Twitter also has a privacy page where they attempt to explain the company’s privacy guidelines and considerations. It states: ” We collect and use your information to provide our Services and improve them over time”. In this paper twitter clearly states that the concept of the service is to publicly distribute messages. It further states that the default setting is set to public with the option to make it more private. This is not true however, for the location information as in this case the user has to activate this feature if one chooses to include this information. In this sense every user who’s location information is mapped on the NCL maps has chosen to share this information with the word. Nevertheless there is an option to opt out of this and delete the location information of all messages sent in the past: “You may delete all location information from your past tweets. This may take up to 30 minutes”.

Twitter makes it – not perfectly – but clear what the implications are with using the service: “What you say on Twitter may be viewed all around the world instantly”.

diaspora
Image by Diaspora / the project Logo as a dandelion, to symbolise the distribution of the seeds as uses for the basic concept of the new social network.

Sailing on the wave of complaints over the treatment of privacy on facebook and other social networking sites a bottom up project has risen, DIASPORA*. A self acclaimed perfectly personal social networking platform developed by four guys, with funny enough one of the goes under the name ‘Max Salzberg?’. It reads all like a spoof as it was published on NYT earlier in May this year.
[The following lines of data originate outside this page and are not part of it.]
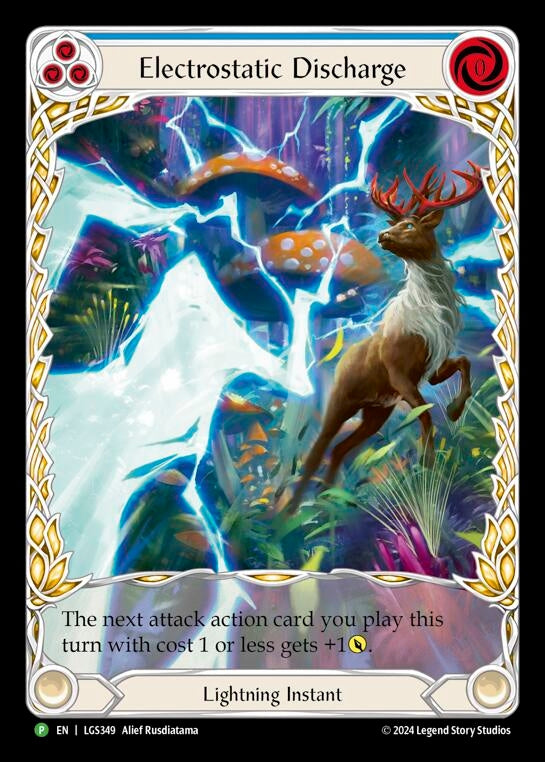 Image for Electrostatic Discharge (Blue) (Extended Art) - LGS349 [Flesh and Blood: Promo Cards]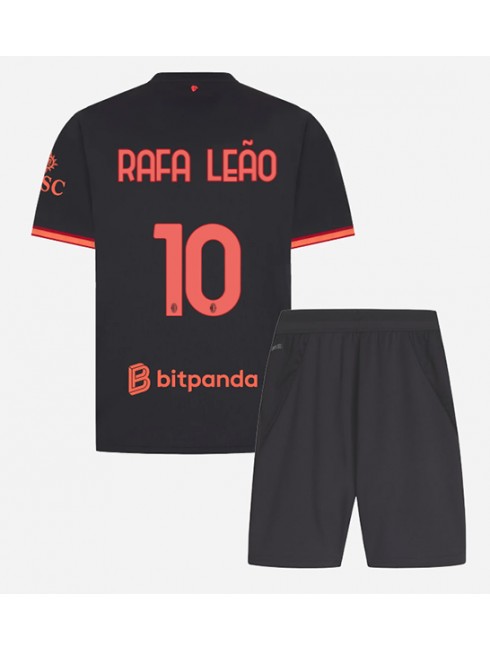 Otroški Nogometni dresi kompleti AC Milan Rafael Leao #10 Tretji 2026-27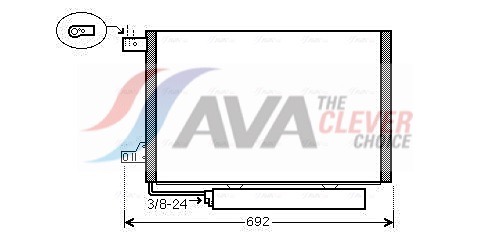 Condenser, air conditioning - MSA5386D AVA QUALITY COOLING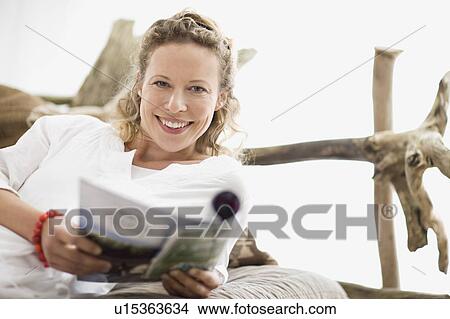 Picture - portrait of middle-aged woman. Fotosearch
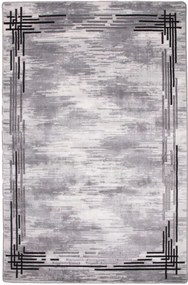 Koberec DIAMOND K8778S strieborný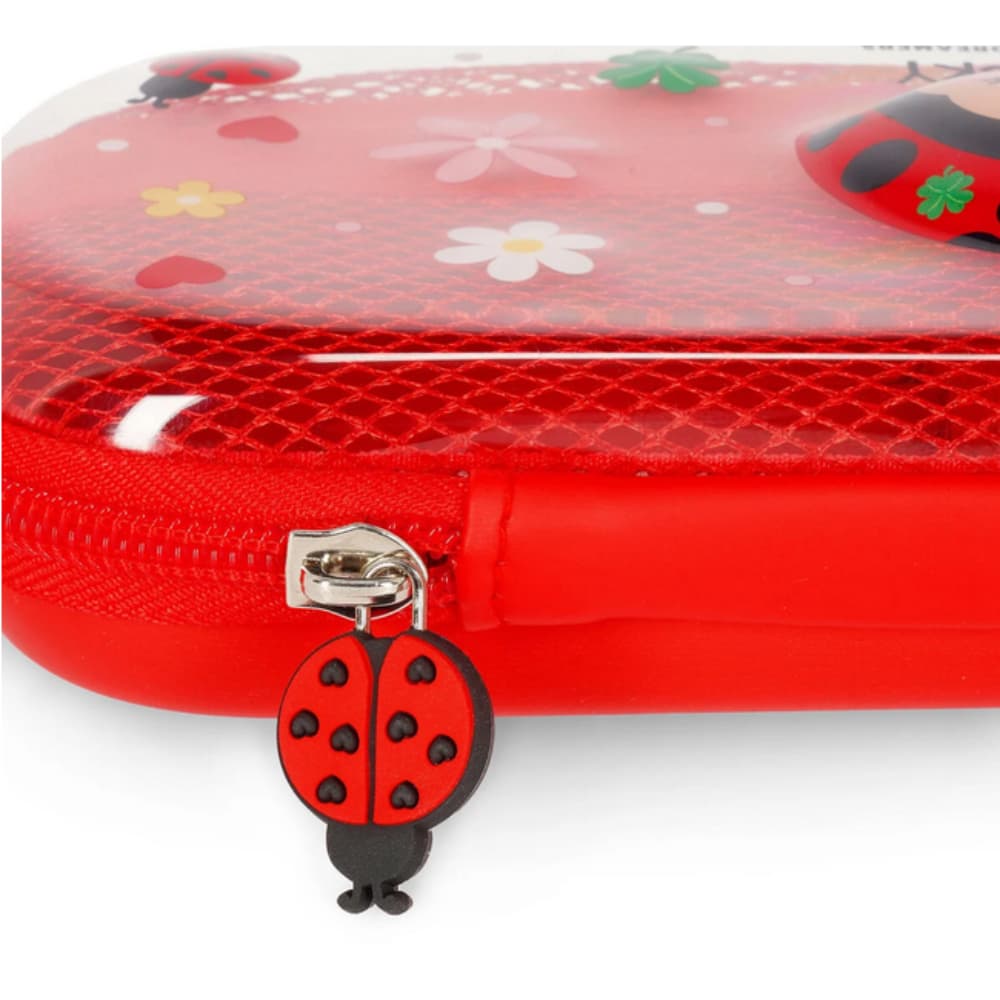 Astuccio rigido trasparente Legami coccinella Get lucky Lady bug disponibile da cartoleria claudio a giugliano napoli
But the project took of with the donation of over $10,000 within 12 days and some $24,000 within 20 days. By now they are fully funded with over $200,000 using KickStarter. This was back in May 2010 and now the developer code was published on September 15 2010. It looks cool and maybe it will bring the change, but this is probably decided by other features other than that the privacy issue. Since the big hype this discussion has dramatically calmed down, but it was definitely a good kickstart for the Diaspora* project and it shows how much people care for their privacy.

The data of interest for a whole range of commercial and academic or political bodies is not confined to only the actual message or information sent. Each account or profile contains a lot of additional information, such as name, age, gender, address, contact details, interests, birthday, shoe size. All of which can be extremely valuable, not just for marketing purposes. In addition, the very big things are the connections and networks that can be constructed from the data. Who knows who is contacting whom, when, how often and where. This is the real aspect of change with these personal information – known in internet law and policy circles as Personal Identify Information (PII). For the first time we can actually observe large-scale social interaction in dramatic detail in real time.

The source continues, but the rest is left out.